» Assignment: Would you restate each line of the data below word for word, without its pictures?

» Dataset content:
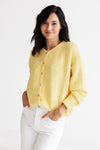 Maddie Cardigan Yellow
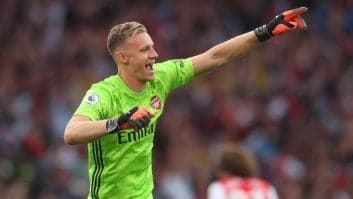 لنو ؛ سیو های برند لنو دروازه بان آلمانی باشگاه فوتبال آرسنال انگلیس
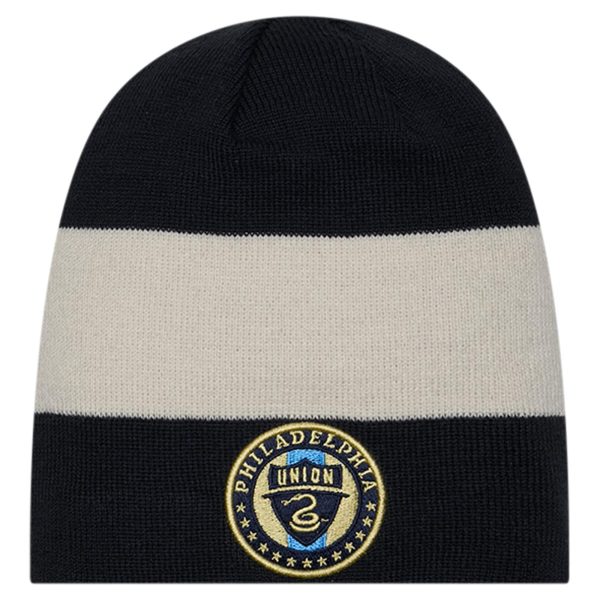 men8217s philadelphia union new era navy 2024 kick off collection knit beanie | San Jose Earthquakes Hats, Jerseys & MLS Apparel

» Result for this task:
 Maddie Cardigan Yellow
 لنو ؛ سیو های برند لنو دروازه بان آلمانی باشگاه فوتبال آرسنال انگلیس
 men8217s philadelphia union new era navy 2024 kick off collection knit beanie | San Jose Earthquakes Hats, Jerseys & MLS Apparel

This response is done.